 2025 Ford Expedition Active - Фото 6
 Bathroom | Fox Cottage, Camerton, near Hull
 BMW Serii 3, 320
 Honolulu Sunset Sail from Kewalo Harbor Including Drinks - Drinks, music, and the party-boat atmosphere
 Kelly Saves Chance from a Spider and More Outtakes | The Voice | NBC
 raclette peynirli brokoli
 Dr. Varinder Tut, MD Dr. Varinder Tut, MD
==
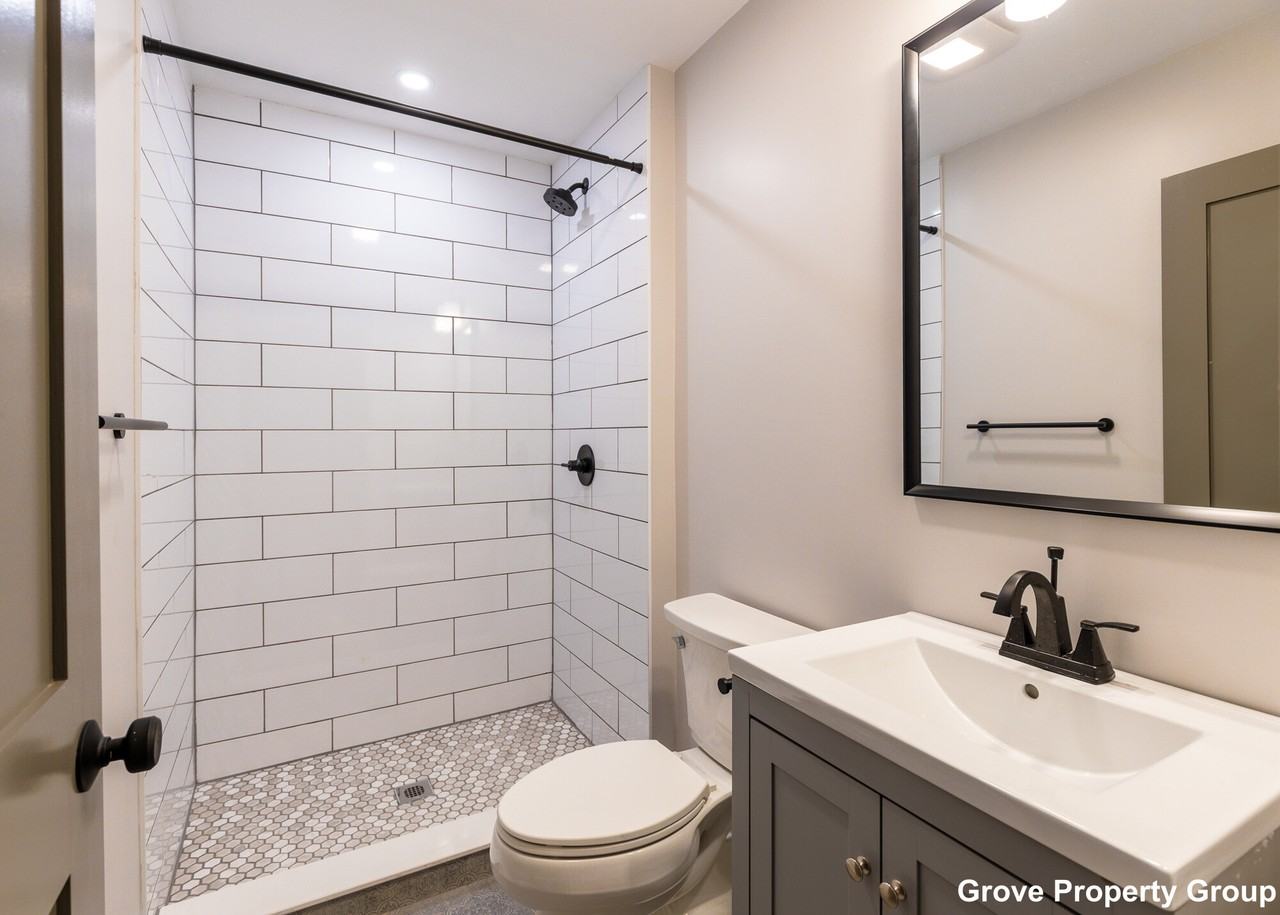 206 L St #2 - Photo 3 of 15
---
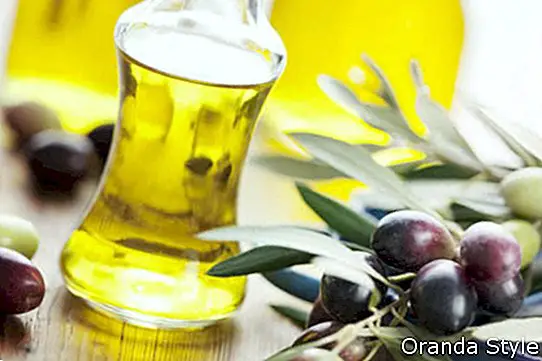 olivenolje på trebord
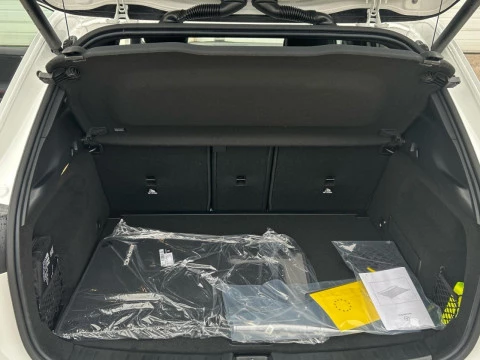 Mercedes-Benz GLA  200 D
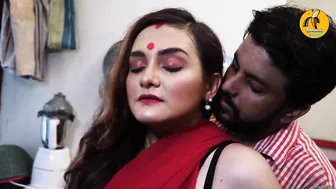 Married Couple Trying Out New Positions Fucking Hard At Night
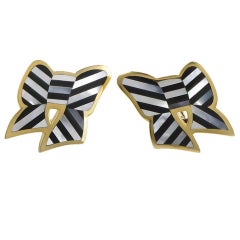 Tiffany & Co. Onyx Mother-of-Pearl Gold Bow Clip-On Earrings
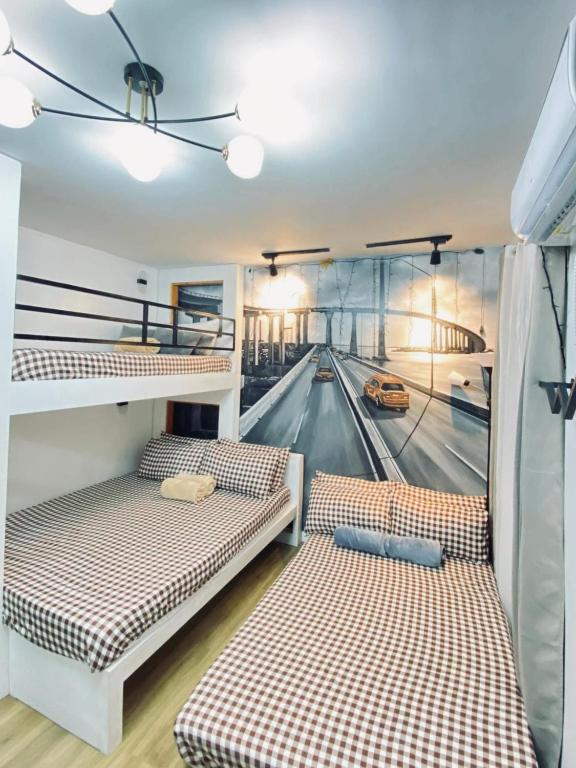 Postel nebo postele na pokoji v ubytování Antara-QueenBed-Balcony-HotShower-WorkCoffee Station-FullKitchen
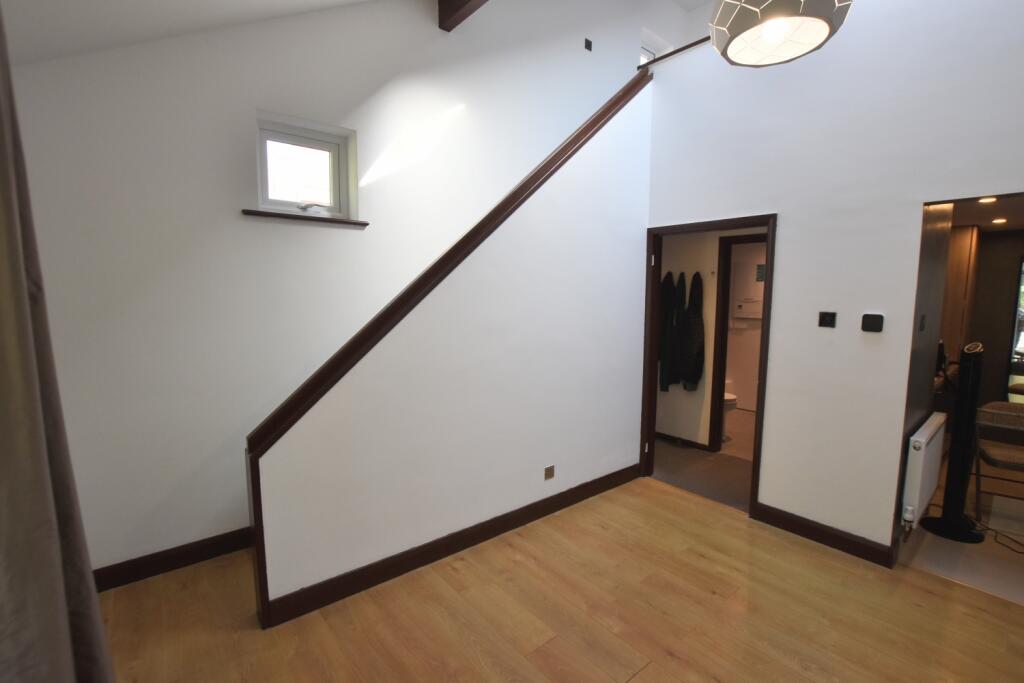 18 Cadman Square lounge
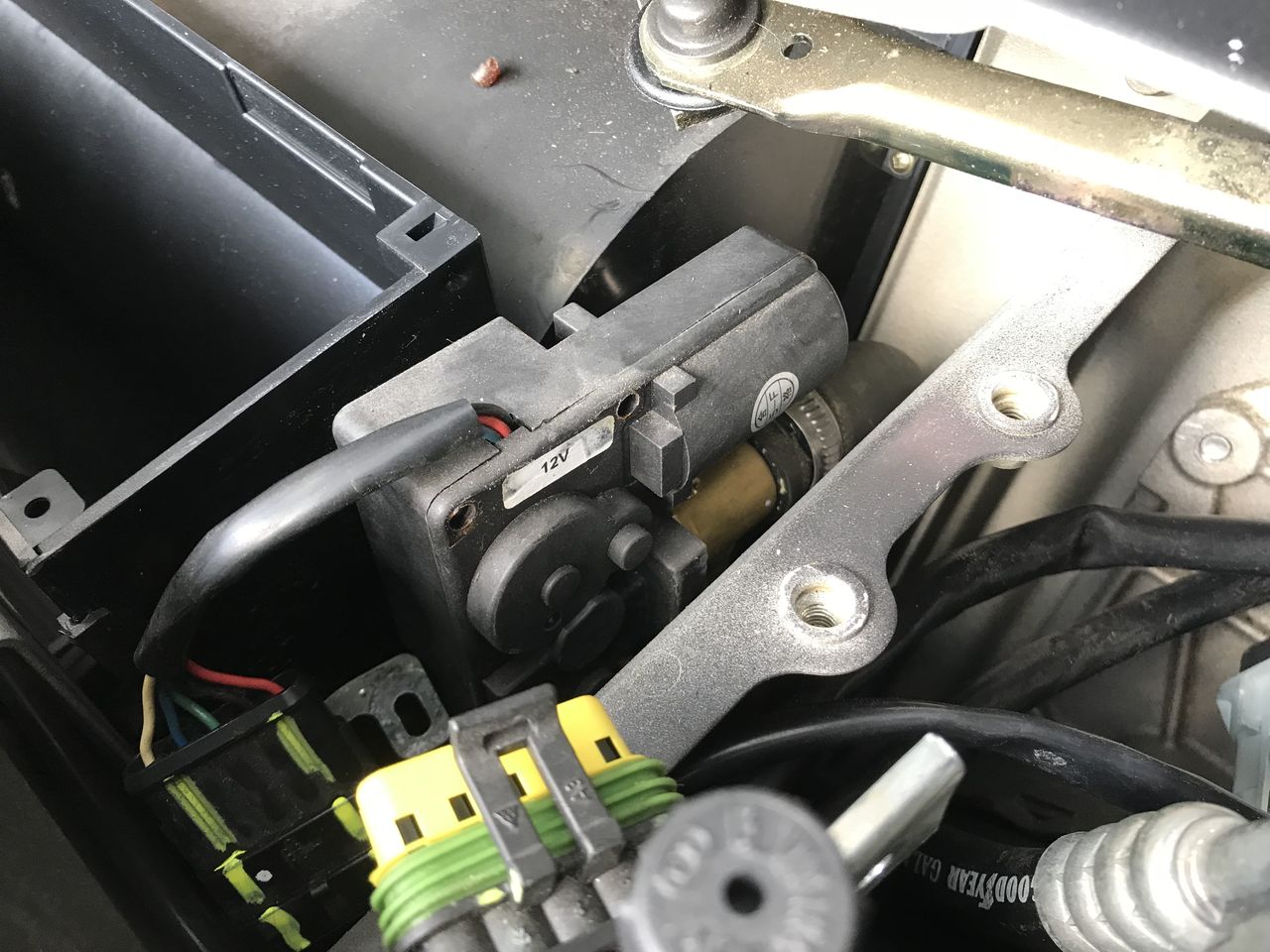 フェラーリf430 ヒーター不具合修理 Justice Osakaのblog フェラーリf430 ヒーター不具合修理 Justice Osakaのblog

What you will do
Your task is to transcribe, with no changes, only the lines of the listing above that lie between the line holding "Bathroom | Fox Cottage, Camerton, near Hull" and the line holding "Dr. Varinder Tut, MD Dr. Varinder Tut, MD", inclusive.

Exercise response
 Bathroom | Fox Cottage, Camerton, near Hull
 BMW Serii 3, 320
 Honolulu Sunset Sail from Kewalo Harbor Including Drinks - Drinks, music, and the party-boat atmosphere
 Kelly Saves Chance from a Spider and More Outtakes | The Voice | NBC
 raclette peynirli brokoli
 Dr. Varinder Tut, MD Dr. Varinder Tut, MD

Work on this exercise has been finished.